**EXERCISE PROMPT**
From the records below, print only the part that opens with the line containing "Located in the" and closes with the line containing "The Aquamira Frontier"; omit the pictures.

**DATASET EXCERPTS**
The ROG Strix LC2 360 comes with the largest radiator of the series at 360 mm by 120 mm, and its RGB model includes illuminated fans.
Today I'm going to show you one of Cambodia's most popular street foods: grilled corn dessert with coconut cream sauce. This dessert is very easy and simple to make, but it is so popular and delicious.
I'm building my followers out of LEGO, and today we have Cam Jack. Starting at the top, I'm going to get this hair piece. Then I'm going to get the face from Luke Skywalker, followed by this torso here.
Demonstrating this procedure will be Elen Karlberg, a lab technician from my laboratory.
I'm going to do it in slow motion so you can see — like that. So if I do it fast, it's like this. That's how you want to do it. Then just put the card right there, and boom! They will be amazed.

--

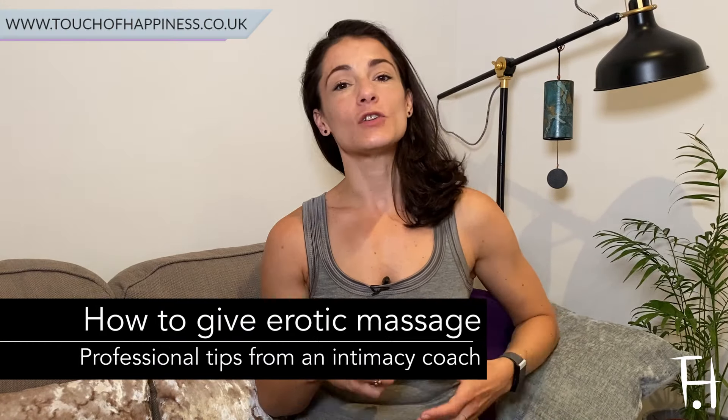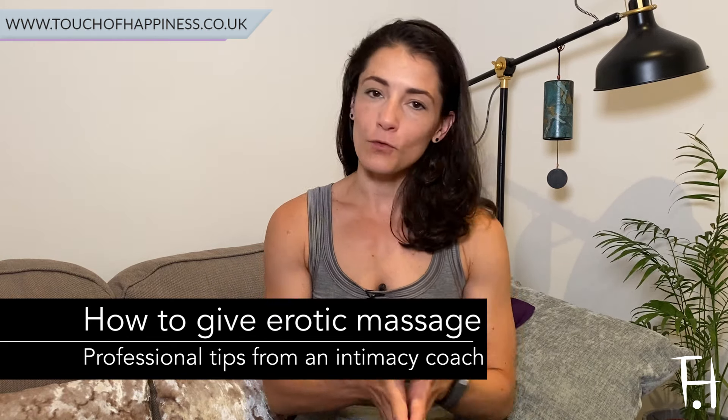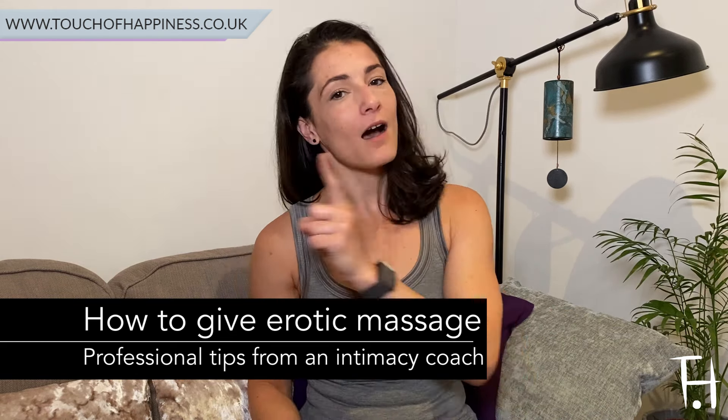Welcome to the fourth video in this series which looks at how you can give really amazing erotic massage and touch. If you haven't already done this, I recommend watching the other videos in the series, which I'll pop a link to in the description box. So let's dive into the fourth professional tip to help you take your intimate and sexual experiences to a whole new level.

--

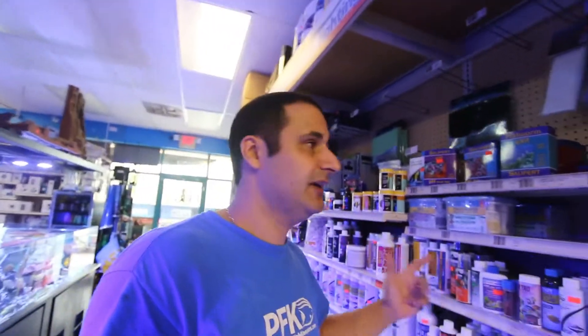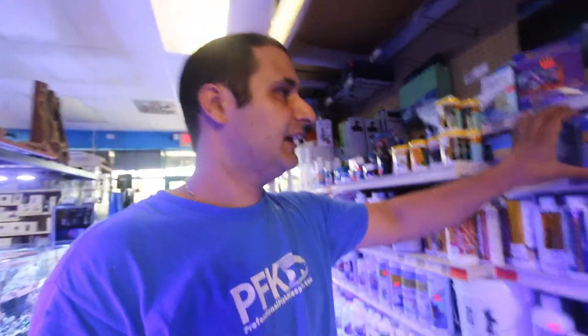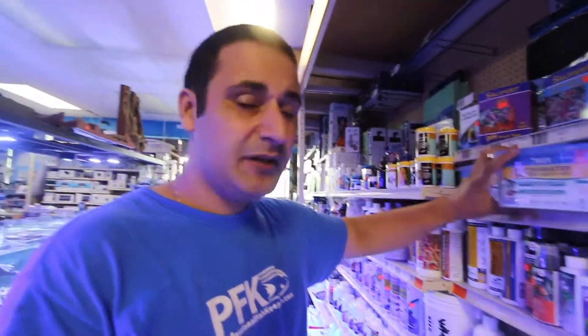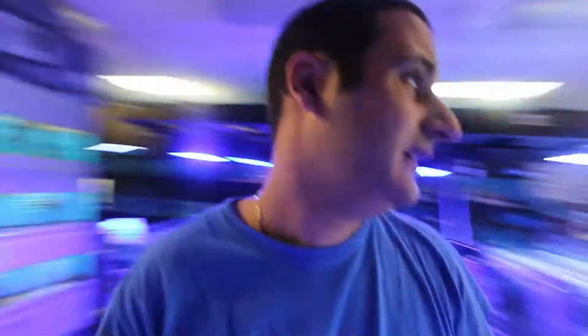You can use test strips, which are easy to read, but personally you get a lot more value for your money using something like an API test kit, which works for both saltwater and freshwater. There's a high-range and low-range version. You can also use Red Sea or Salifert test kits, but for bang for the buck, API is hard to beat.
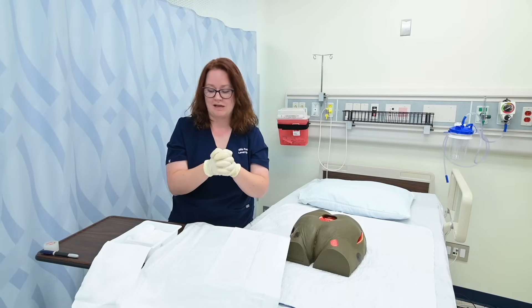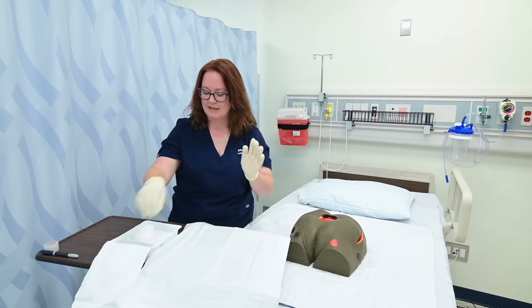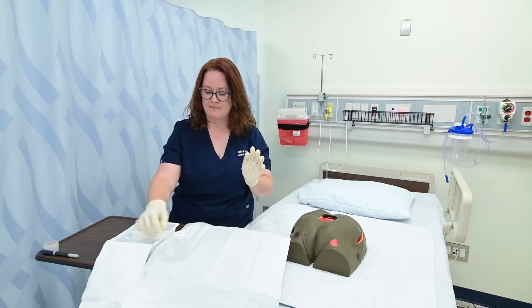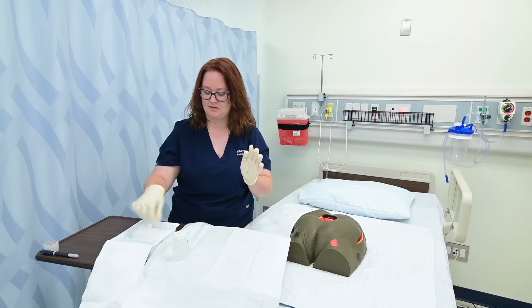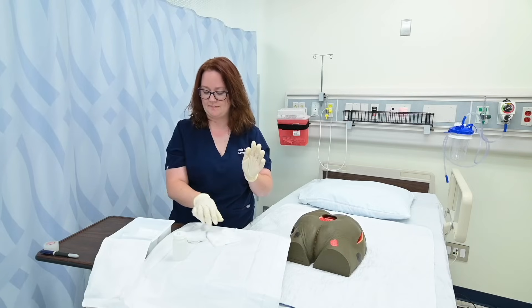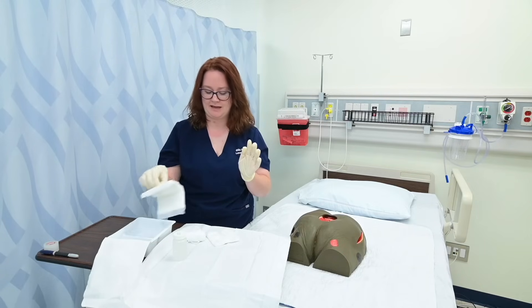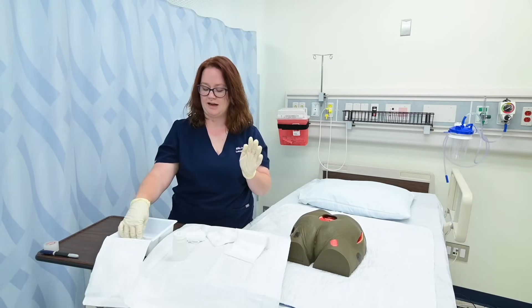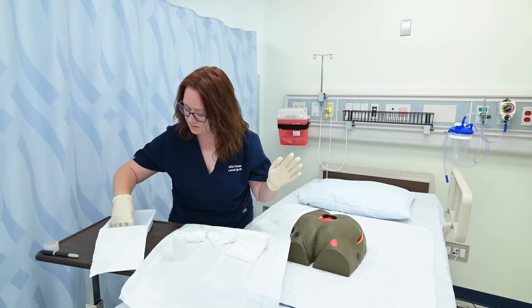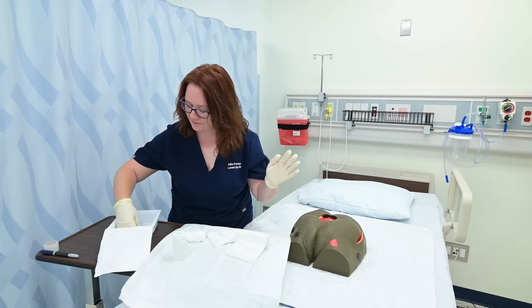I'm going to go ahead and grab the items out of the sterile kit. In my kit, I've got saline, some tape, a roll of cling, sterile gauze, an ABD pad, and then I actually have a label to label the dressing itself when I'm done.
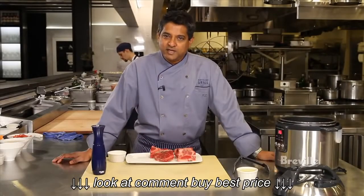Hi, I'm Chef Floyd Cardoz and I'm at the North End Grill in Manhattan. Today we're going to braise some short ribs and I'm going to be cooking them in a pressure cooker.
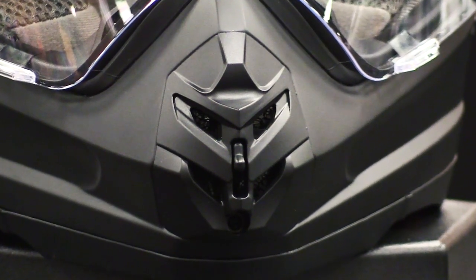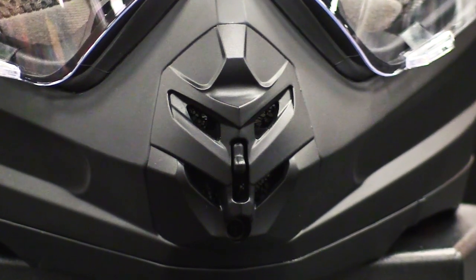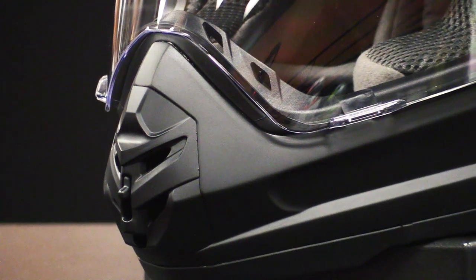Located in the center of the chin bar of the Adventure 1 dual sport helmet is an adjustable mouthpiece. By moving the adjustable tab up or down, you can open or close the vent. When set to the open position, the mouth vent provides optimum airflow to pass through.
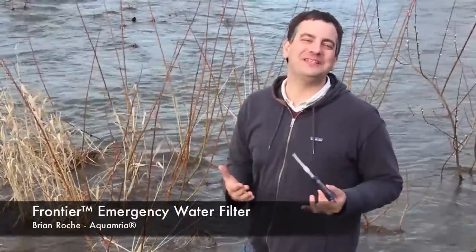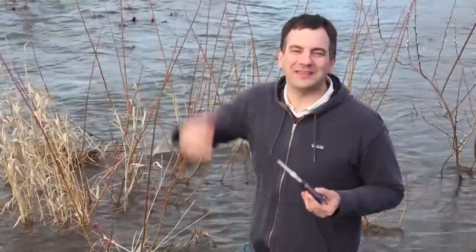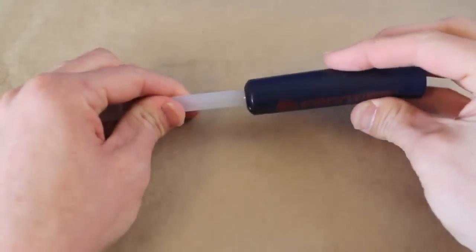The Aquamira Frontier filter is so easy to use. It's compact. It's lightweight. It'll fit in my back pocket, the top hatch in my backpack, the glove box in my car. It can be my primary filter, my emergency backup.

**ANSWER TO THIS EXERCISE**
Located in the center of the chin bar of the Adventure 1 dual sport helmet is an adjustable mouthpiece. By moving the adjustable tab up or down, you can open or close the vent. When set to the open position, the mouth vent provides optimum airflow to pass through.
The Aquamira Frontier filter is so easy to use. It's compact. It's lightweight. It'll fit in my back pocket, the top hatch in my backpack, the glove box in my car. It can be my primary filter, my emergency backup.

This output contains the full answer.